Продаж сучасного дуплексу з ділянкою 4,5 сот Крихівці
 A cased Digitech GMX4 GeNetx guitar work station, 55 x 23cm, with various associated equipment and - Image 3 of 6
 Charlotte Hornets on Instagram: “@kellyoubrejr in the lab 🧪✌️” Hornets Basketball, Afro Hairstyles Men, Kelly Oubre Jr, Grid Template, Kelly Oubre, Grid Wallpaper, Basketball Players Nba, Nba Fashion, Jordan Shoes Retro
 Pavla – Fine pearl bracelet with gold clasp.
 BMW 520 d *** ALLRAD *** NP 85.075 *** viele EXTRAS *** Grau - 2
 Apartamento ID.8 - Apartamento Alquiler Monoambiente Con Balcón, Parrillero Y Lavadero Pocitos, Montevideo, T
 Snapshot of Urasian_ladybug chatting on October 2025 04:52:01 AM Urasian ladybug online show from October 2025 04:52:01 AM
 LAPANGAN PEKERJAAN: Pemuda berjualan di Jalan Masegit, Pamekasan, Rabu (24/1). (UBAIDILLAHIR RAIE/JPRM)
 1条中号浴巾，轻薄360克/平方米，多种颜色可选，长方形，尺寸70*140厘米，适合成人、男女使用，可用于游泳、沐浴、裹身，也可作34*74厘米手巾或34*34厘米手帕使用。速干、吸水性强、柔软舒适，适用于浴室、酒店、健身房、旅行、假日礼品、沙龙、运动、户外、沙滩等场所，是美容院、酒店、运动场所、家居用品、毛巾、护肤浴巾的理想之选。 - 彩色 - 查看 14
────────
■ WHAT IS BEING ASKED ■
The answer should be a single number: how many lines in the entries contain "with".

■ COMPLETED TASK ■
2